KÜRESEL SEVİYEDEN UZAK
Türkiye'de konut fiyatlarındaki artışın küresel seviyelerin altında bulunduğuna işaret eden Halk Yatırım Yatırım Danışmanlığı ve Araştırma Direktörü Banu Kıvcı Tokalı, mevcut reel fiyatların hâlâ 2008 krizi öncesinde ulaşılan seviyelerin yüzde 13 altında bulunduğuna dikkat çekti. Konut fiyatlarındaki artışın hane halkının reel harcanabilir gelirindeki artışın üzerinde yükselen bir trend izlemesinin endişeleri artıran bir gösterge olduğuna dikkat çeken Tokalı, "Bu açıdan da bakıldığında, İstanbul'da bile kriz öncesi seviyelerin yarısında bulunan fiyat/gelir endeksinin, Türkiye'de konut balonu yanlısı görüşleri geçersiz kaldığı söylenebilir.

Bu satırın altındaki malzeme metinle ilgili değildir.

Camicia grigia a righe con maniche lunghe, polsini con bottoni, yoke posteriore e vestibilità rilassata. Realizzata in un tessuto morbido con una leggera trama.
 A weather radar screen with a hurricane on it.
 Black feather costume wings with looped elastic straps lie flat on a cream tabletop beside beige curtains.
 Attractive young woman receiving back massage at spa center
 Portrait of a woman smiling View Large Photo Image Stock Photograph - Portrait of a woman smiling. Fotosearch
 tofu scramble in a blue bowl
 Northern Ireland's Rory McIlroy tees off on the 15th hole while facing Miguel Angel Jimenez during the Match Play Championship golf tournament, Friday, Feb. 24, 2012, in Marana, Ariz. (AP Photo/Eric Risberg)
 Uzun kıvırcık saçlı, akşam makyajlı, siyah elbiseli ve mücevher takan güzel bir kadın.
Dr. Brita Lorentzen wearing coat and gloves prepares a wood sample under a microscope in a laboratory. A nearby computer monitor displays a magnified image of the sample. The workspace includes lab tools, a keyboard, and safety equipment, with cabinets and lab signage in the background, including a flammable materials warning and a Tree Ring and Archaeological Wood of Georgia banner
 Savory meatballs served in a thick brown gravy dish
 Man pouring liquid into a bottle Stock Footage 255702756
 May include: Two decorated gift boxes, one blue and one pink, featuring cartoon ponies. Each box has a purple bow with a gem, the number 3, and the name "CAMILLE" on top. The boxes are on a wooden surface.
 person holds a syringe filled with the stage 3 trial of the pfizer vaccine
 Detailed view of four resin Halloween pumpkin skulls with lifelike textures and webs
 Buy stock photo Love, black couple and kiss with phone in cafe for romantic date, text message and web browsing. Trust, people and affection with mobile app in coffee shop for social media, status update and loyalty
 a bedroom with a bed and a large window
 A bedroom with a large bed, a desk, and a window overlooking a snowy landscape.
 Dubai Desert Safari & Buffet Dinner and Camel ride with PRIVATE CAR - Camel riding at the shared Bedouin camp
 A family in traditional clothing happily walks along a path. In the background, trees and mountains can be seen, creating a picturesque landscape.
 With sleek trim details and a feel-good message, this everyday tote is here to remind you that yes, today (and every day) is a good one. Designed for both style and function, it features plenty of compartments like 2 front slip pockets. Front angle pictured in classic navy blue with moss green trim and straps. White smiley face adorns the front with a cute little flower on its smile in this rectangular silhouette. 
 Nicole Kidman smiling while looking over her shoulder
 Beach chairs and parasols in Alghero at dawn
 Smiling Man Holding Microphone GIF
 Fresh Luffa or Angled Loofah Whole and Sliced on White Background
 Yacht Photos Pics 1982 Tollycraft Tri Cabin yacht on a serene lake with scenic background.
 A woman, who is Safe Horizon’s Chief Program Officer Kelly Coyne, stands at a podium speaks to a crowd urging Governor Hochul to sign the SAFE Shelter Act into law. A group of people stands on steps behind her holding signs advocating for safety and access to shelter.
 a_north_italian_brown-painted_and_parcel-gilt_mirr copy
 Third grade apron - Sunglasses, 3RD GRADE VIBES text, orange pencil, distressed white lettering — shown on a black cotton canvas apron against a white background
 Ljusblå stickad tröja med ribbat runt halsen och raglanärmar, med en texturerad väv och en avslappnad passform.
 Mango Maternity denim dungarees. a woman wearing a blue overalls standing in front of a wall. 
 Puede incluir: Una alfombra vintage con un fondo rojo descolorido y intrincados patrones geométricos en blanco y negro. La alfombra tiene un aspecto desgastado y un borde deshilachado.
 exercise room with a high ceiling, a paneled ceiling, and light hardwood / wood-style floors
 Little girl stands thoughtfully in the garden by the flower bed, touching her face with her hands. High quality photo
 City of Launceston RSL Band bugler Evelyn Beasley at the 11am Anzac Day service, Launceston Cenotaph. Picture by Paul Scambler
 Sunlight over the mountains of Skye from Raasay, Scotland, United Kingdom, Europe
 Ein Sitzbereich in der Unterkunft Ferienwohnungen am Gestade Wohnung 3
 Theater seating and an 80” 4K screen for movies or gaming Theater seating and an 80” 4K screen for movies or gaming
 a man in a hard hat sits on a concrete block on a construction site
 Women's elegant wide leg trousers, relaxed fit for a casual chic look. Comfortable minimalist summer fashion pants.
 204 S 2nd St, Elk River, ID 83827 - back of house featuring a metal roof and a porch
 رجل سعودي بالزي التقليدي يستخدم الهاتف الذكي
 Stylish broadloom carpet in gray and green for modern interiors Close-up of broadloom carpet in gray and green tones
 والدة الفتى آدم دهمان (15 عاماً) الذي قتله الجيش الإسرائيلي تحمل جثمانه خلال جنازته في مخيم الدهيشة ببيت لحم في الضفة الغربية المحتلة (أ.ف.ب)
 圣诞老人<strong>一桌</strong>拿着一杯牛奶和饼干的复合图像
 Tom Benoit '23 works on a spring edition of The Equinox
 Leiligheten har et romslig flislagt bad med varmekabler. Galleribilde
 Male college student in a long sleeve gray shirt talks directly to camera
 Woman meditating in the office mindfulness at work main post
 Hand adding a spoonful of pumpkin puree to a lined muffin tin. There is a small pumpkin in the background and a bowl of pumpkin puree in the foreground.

Küresel karşılaştırma da bu rahat görünümü destekliyor" dedi.
GENÇ NÜFUS 'EV'LENECEK
Nüfus ve evlenme çağındaki kesimin artış eğiliminde olmasının, konut talebini desteklediğinin altını çizen Tokalı, "Reel konut fiyatlarının nüfusa oranı, kriz öncesi seviyelerin yüzde 20'nin üzerinde bir oranda altında bulunuyor. Türkiye'de evlenme çağındaki nüfusun oranının artış hızı dikkat çekiyor" dedi. Konut kredilerinin, milli gelire oranın yüzde 7 ile küresel ortalamaların altında bulunmasının endişeleri azalttığına işaret eden Tokalı, "Kredi/GSYH oranı, mortgage krizinin yaşandığı 2008 yılında ABD'de yüzde 86.5, İngiltere'de yüzde 80.4, Hollanda da yüzde 99.2 ve Danimarka'da yüzde 95.3 gibi oldukça yüksek seviyelerde bulunuyordu" diye konuştu. Banu Kıvcı Tokalı, yapı ruhsatları ve konut satışlarına yönelik son verilerin de sektörde dengeli bir arz-talep resmini desteklediğini söyledi.